··· Input for this task
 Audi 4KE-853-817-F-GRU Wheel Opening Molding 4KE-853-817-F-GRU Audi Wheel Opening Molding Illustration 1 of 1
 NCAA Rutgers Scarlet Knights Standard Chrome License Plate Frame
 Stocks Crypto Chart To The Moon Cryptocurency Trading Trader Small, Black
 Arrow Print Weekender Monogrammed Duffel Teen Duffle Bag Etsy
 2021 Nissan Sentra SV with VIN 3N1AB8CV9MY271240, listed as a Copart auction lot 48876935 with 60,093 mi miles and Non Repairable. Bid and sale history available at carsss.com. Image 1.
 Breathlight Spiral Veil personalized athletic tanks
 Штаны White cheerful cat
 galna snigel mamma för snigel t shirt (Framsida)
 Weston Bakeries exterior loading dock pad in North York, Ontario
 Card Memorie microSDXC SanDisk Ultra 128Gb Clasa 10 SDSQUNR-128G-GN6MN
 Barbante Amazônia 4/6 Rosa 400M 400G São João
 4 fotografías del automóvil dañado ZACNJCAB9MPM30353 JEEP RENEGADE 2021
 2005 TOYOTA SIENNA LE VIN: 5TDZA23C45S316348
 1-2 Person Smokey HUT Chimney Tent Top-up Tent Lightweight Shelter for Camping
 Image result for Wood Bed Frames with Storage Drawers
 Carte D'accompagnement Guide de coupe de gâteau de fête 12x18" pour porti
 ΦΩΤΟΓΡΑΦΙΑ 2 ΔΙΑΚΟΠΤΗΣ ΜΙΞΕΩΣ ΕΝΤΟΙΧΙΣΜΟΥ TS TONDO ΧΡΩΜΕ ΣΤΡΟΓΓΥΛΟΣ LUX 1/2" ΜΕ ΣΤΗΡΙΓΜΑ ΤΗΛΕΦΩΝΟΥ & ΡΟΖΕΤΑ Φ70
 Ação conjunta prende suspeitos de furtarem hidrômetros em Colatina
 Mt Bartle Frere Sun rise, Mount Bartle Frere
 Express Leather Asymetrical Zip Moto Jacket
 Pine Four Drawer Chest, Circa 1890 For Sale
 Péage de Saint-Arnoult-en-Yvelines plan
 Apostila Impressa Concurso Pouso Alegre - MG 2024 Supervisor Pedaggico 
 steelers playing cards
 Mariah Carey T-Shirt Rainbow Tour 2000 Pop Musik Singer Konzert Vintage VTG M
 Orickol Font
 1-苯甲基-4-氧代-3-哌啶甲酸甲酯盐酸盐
······
- [Try it] Please transcribe exactly the lines above from the line that has "Barbante Amazônia 4/6" up to and including the line that has "Image result for"; no other line belongs in the answer.

- [Solution below]
 Barbante Amazônia 4/6 Rosa 400M 400G São João
 4 fotografías del automóvil dañado ZACNJCAB9MPM30353 JEEP RENEGADE 2021
 2005 TOYOTA SIENNA LE VIN: 5TDZA23C45S316348
 1-2 Person Smokey HUT Chimney Tent Top-up Tent Lightweight Shelter for Camping
 Image result for Wood Bed Frames with Storage Drawers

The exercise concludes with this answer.